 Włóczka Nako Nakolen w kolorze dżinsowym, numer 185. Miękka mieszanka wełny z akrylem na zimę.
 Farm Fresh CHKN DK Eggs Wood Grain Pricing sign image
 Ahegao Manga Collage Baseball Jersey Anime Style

——————

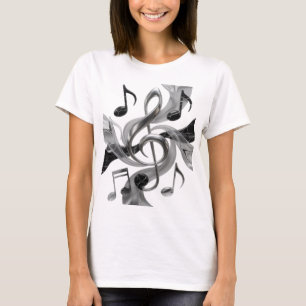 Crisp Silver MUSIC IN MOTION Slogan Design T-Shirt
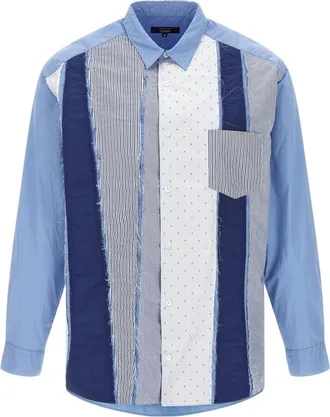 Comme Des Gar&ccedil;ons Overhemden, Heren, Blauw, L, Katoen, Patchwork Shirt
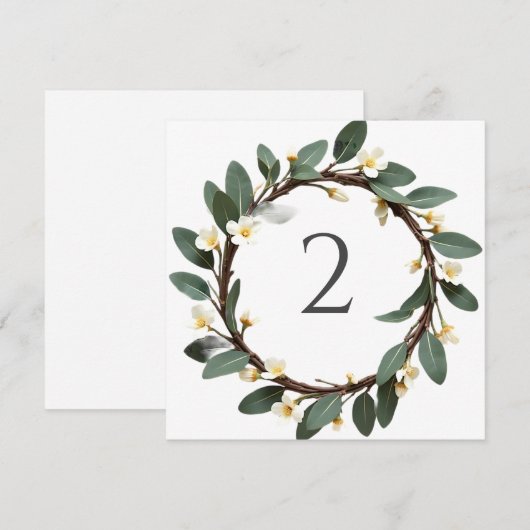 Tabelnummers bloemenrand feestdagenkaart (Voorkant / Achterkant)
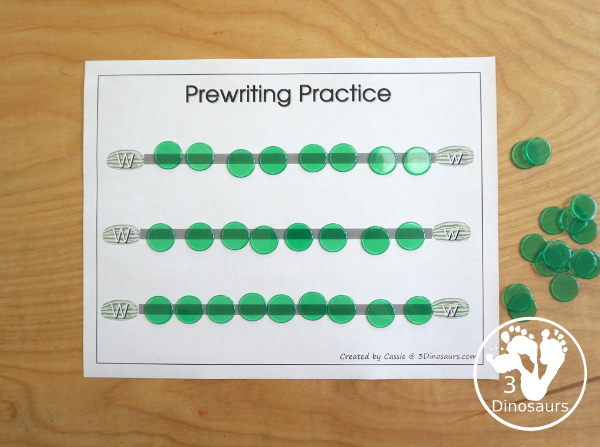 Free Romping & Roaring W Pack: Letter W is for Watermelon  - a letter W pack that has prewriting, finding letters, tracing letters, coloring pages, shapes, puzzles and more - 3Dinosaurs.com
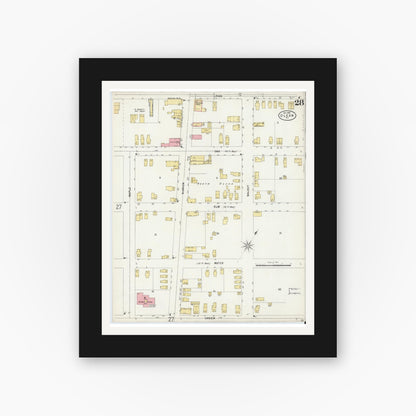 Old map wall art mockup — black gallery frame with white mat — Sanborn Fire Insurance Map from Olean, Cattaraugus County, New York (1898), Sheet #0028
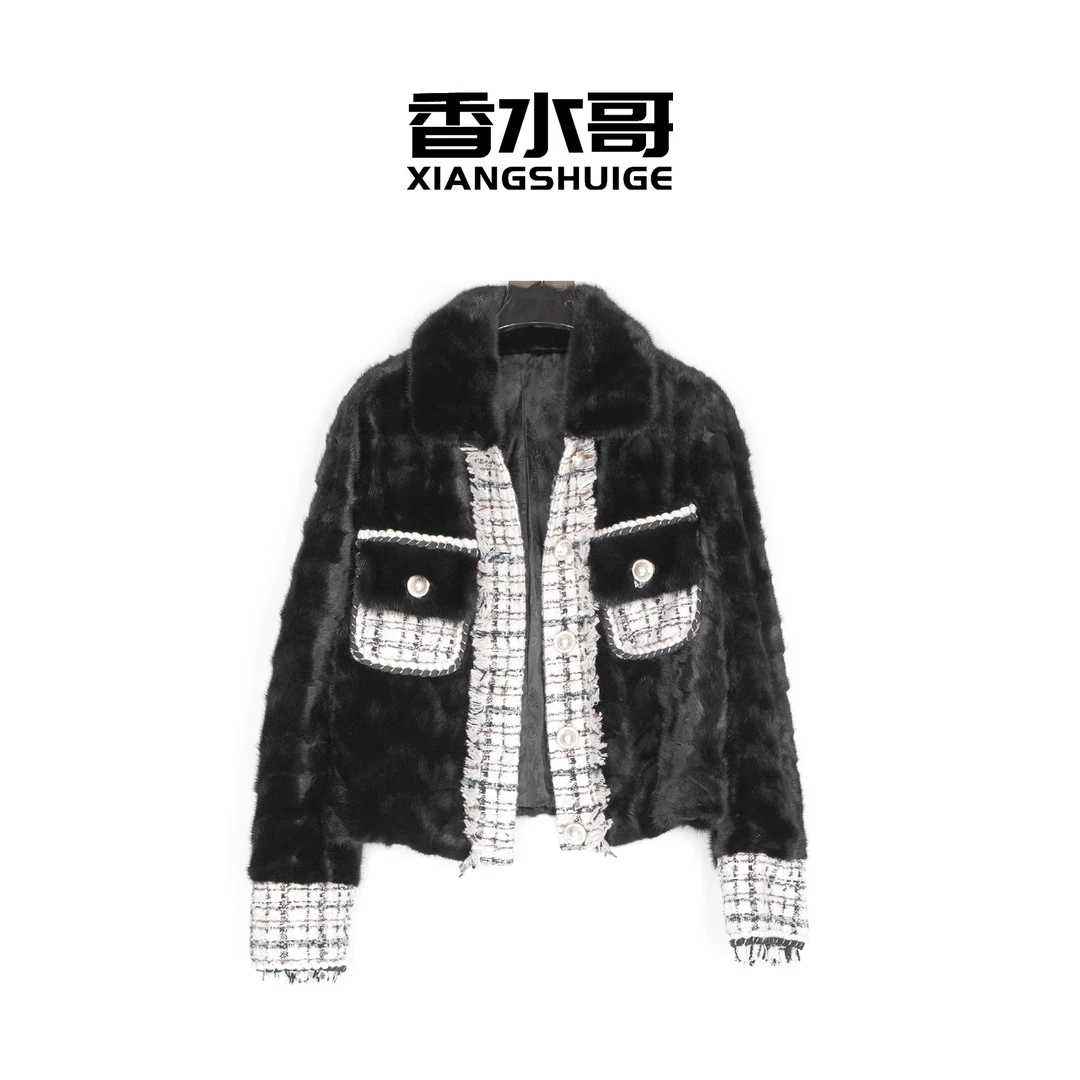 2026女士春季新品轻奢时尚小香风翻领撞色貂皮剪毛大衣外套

——————

_WHAT IS NEEDED_: Within the material above, extract exactly the lines that start at the line containing "Farm Fresh CHKN" and stop after the line containing "Ahegao Manga Collage", and only those.

_TASK SOLUTION_:
 Farm Fresh CHKN DK Eggs Wood Grain Pricing sign image
 Ahegao Manga Collage Baseball Jersey Anime Style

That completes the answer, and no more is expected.